## Your assignment
Print the records below exactly; all of them are needed.
==== Records shown ====
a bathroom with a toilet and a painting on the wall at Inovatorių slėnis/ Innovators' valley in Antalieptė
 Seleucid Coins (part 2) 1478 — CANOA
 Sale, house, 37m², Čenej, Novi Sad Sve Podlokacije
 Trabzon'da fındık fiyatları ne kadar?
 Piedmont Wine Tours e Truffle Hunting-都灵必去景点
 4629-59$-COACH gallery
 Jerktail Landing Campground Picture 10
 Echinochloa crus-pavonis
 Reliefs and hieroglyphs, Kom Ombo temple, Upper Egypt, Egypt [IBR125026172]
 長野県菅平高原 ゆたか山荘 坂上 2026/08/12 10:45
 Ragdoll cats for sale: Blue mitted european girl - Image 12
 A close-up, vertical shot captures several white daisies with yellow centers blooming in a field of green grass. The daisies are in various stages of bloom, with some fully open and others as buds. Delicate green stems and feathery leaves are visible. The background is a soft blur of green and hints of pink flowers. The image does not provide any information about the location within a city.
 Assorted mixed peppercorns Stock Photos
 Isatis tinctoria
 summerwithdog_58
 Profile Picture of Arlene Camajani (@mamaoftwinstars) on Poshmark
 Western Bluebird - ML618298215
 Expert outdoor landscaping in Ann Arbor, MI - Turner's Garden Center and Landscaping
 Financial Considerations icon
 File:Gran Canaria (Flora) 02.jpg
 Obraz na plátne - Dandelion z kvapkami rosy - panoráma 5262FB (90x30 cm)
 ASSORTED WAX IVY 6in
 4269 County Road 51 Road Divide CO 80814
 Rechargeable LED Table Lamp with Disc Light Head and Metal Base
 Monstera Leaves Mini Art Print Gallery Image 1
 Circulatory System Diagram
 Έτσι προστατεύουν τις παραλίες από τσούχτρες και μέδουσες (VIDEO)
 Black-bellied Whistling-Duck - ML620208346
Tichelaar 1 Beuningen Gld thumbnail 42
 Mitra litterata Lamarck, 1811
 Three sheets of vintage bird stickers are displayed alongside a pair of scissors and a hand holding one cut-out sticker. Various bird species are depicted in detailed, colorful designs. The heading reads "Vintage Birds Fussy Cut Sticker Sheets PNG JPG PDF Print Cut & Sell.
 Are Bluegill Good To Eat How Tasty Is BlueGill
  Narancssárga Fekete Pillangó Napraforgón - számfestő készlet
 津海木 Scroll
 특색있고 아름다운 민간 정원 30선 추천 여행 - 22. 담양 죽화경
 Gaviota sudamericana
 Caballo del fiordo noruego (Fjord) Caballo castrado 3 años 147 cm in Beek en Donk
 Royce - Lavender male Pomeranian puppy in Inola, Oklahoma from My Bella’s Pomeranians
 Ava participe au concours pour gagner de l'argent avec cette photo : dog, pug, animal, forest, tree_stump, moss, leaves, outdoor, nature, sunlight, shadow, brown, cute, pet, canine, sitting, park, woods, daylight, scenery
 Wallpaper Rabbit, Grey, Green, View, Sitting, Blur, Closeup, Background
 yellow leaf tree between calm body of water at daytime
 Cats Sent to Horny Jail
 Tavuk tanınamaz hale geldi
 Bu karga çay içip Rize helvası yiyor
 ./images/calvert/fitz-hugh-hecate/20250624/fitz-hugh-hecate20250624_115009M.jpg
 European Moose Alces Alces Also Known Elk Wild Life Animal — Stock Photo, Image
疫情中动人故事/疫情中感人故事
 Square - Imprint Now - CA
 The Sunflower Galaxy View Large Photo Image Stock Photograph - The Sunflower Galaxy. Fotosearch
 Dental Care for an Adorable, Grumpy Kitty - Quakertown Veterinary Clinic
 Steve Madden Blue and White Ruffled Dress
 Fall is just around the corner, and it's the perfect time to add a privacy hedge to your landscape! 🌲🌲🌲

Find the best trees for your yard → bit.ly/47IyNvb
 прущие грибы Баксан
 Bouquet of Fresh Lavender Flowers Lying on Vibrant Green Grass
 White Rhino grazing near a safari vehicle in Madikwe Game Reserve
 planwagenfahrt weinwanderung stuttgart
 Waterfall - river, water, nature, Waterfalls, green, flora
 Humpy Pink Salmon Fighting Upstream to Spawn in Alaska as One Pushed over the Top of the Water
====
## Solution to the exercise
a bathroom with a toilet and a painting on the wall at Inovatorių slėnis/ Innovators' valley in Antalieptė
 Seleucid Coins (part 2) 1478 — CANOA
 Sale, house, 37m², Čenej, Novi Sad Sve Podlokacije
 Trabzon'da fındık fiyatları ne kadar?
 Piedmont Wine Tours e Truffle Hunting-都灵必去景点
 4629-59$-COACH gallery
 Jerktail Landing Campground Picture 10
 Echinochloa crus-pavonis
 Reliefs and hieroglyphs, Kom Ombo temple, Upper Egypt, Egypt [IBR125026172]
 長野県菅平高原 ゆたか山荘 坂上 2026/08/12 10:45
 Ragdoll cats for sale: Blue mitted european girl - Image 12
 A close-up, vertical shot captures several white daisies with yellow centers blooming in a field of green grass. The daisies are in various stages of bloom, with some fully open and others as buds. Delicate green stems and feathery leaves are visible. The background is a soft blur of green and hints of pink flowers. The image does not provide any information about the location within a city.
 Assorted mixed peppercorns Stock Photos
 Isatis tinctoria
 summerwithdog_58
 Profile Picture of Arlene Camajani (@mamaoftwinstars) on Poshmark
 Western Bluebird - ML618298215
 Expert outdoor landscaping in Ann Arbor, MI - Turner's Garden Center and Landscaping
 Financial Considerations icon
 File:Gran Canaria (Flora) 02.jpg
 Obraz na plátne - Dandelion z kvapkami rosy - panoráma 5262FB (90x30 cm)
 ASSORTED WAX IVY 6in
 4269 County Road 51 Road Divide CO 80814
 Rechargeable LED Table Lamp with Disc Light Head and Metal Base
 Monstera Leaves Mini Art Print Gallery Image 1
 Circulatory System Diagram
 Έτσι προστατεύουν τις παραλίες από τσούχτρες και μέδουσες (VIDEO)
 Black-bellied Whistling-Duck - ML620208346
Tichelaar 1 Beuningen Gld thumbnail 42
 Mitra litterata Lamarck, 1811
 Three sheets of vintage bird stickers are displayed alongside a pair of scissors and a hand holding one cut-out sticker. Various bird species are depicted in detailed, colorful designs. The heading reads "Vintage Birds Fussy Cut Sticker Sheets PNG JPG PDF Print Cut & Sell.
 Are Bluegill Good To Eat How Tasty Is BlueGill
  Narancssárga Fekete Pillangó Napraforgón - számfestő készlet
 津海木 Scroll
 특색있고 아름다운 민간 정원 30선 추천 여행 - 22. 담양 죽화경
 Gaviota sudamericana
 Caballo del fiordo noruego (Fjord) Caballo castrado 3 años 147 cm in Beek en Donk
 Royce - Lavender male Pomeranian puppy in Inola, Oklahoma from My Bella’s Pomeranians
 Ava participe au concours pour gagner de l'argent avec cette photo : dog, pug, animal, forest, tree_stump, moss, leaves, outdoor, nature, sunlight, shadow, brown, cute, pet, canine, sitting, park, woods, daylight, scenery
 Wallpaper Rabbit, Grey, Green, View, Sitting, Blur, Closeup, Background
 yellow leaf tree between calm body of water at daytime
 Cats Sent to Horny Jail
 Tavuk tanınamaz hale geldi
 Bu karga çay içip Rize helvası yiyor
 ./images/calvert/fitz-hugh-hecate/20250624/fitz-hugh-hecate20250624_115009M.jpg
 European Moose Alces Alces Also Known Elk Wild Life Animal — Stock Photo, Image
疫情中动人故事/疫情中感人故事
 Square - Imprint Now - CA
 The Sunflower Galaxy View Large Photo Image Stock Photograph - The Sunflower Galaxy. Fotosearch
 Dental Care for an Adorable, Grumpy Kitty - Quakertown Veterinary Clinic
 Steve Madden Blue and White Ruffled Dress
 Fall is just around the corner, and it's the perfect time to add a privacy hedge to your landscape! 🌲🌲🌲

Find the best trees for your yard → bit.ly/47IyNvb
 прущие грибы Баксан
 Bouquet of Fresh Lavender Flowers Lying on Vibrant Green Grass
 White Rhino grazing near a safari vehicle in Madikwe Game Reserve
 planwagenfahrt weinwanderung stuttgart
 Waterfall - river, water, nature, Waterfalls, green, flora
 Humpy Pink Salmon Fighting Upstream to Spawn in Alaska as One Pushed over the Top of the Water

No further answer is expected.